In my paintings walls are ever present; walls from our town, walls from other town, walls from no where, they bear war’s imprint the are dwelling in our memory. The medium is the witness of a process of an image construction in which memories inquiries and emotions create every time a new aesthetic experiment. I retrieve in my paintings part of the memory of my youth lived in beirut. These paintings include a series of textures,extracts of writing,torn bits which are the metaphor of a belonging crisis and a quest in the territory of identity. In this exploration, a dialectical confrontation between memories, emotions and new events. This dialogue defines the actions which affect the medium and the connections that are established between colors, textures and hidden symbols thus painting becomes an action with its on history which develops through my pictorial practice.
Process
The proceeding that supports the creation of my paintings trickles from an aesthetic of the trace. There are two phases to the work: one is controllable while the other trickles from a game of forced coincidence. It is all a game of haphazard which brings a surge to the texture with a basis signifying time. It is a way of hiding and discovering to bring signs carrying ambiguity between their status of blood bearer and their status of illegible signs.

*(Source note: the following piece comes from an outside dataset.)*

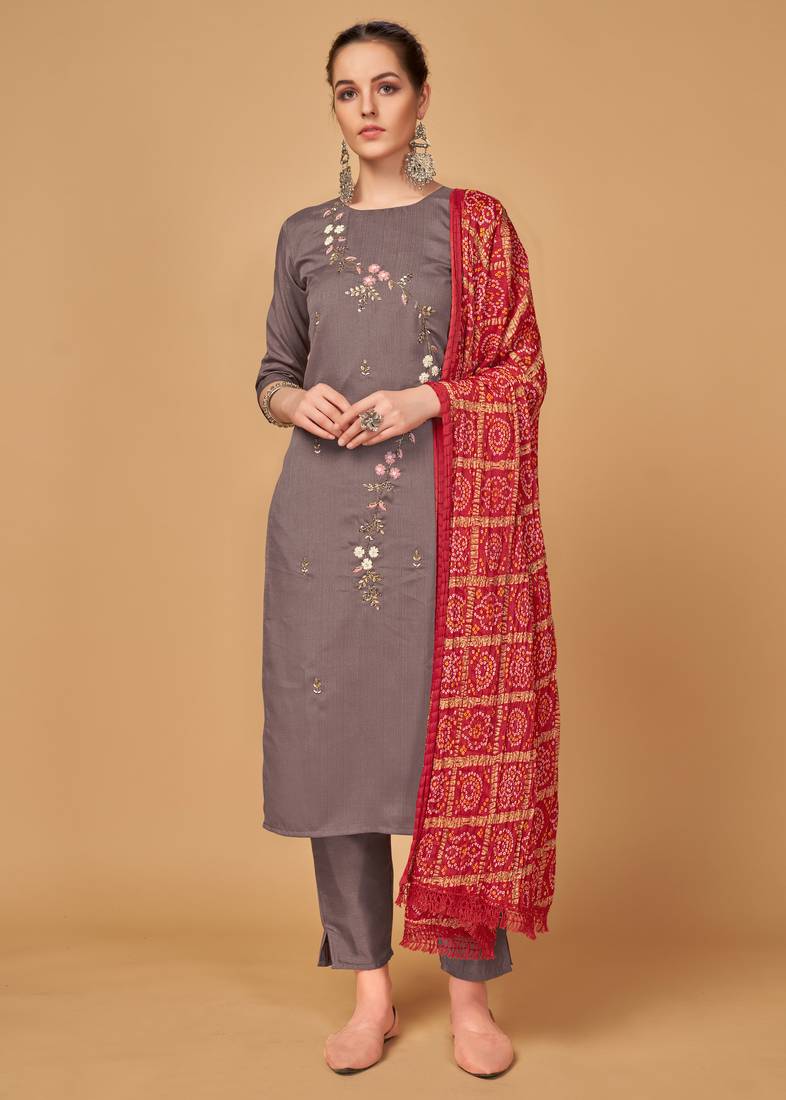 Light-burgundy embroidered silk blend salwar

We use two glued canvases, and by using a pulling method one stays and the other one is removed. That which remains carries traces and that which is gone becomes its accomplice. The pulling of material becomes the metaphor of the pulling of the place of culture of origin. The material becomes the traces of human conduct of an emotional historic charge, of a research of origins.

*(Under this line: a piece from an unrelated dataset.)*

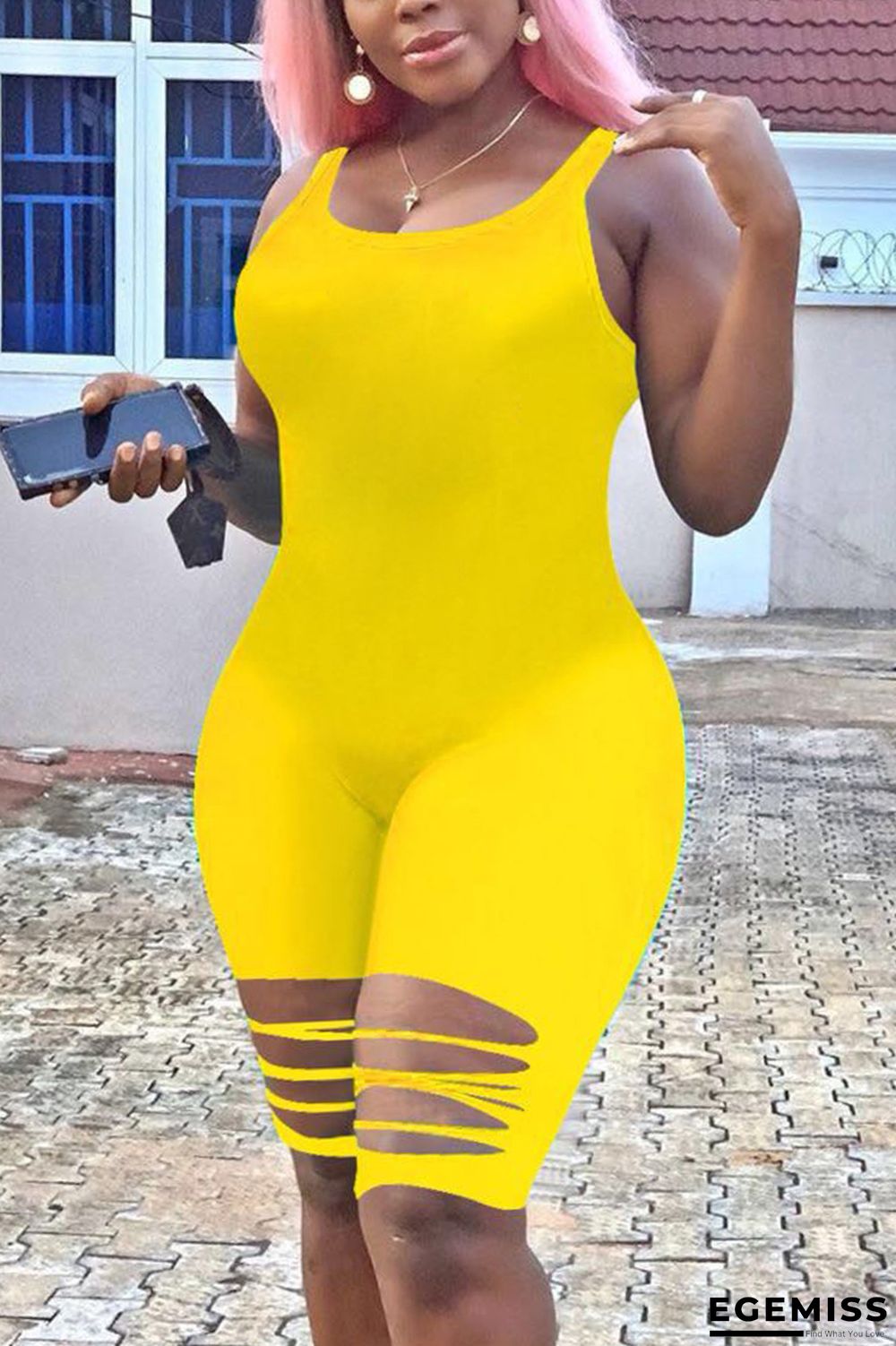 Yellow Fashion Sexy Sleeveless Broken Hole Romper | EGEMISS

The material becomes a medium of expression because it is the infrastructure of the relationship between man and culture, a story lived by memory. The space of the canvas is a fixed surface that becomes a territory where interior and exterior imply a reference to architectural elements that frame daily activities. Walls doors and windows become metaphors of a painting in search of a fundamental unity.
Barcode
The bar code has become the icon that is most present in our world today. We see it everywhere, on merchandise, objects, and on whatever we use in our daily lives. It is there to identify each unique element. Even we, as individuals are identified with a bar code, as in our passport. We are all branded which allows the system to control our history of activities.

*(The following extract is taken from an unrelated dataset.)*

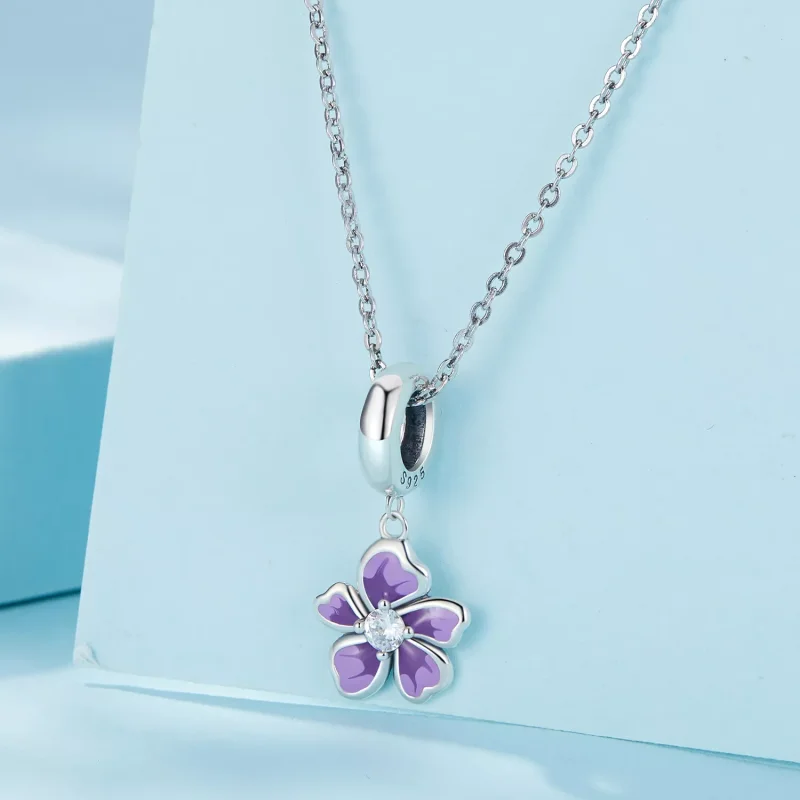 (resim) Pandora Stili Mor Çiçek Sallantılı Küpe - SCC2556 - Görüntüle 2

Through diverse communication media, the government and business organizations around the world accelerate consumption, a conspiracy where we have become the pawns of the game. Especially with advancing technology, our global economic system creates an addiction to consumption. An individual’s identity depends on the social and cultural environment, the family milieu, the surroundings, and the place where one is brought up. Furthermore, the identity evolves from personal experiences and social displacement. Civil identity (technical identification) is necessary in a civil order to manage our society as a group within the borders, in a geographical territory to limit and identify our space.
A civil identity such as a birth certificate or other, alone, cannot determine our social belonging. It is not our origins. Our identity stems from our memories through all their senses. We are our memories, but our native land is not what defines us. We are made out of all the lands we have inhabited, all those which have filled our senses. Each one of them is a fragment of our essence. They make each one of us unique. The fragmented mirror bar code is a self-reflection of our fragmented identity. The physical confrontation of the viewers facing a bar code reflects their image and standardizes a commercial imposed political identity. They can either assimilate or ask questions, reflect or do their own social investigation. It is our destiny as humans to be constantly confronted with mystery, the unknown, the necessity of reinventing ourselves.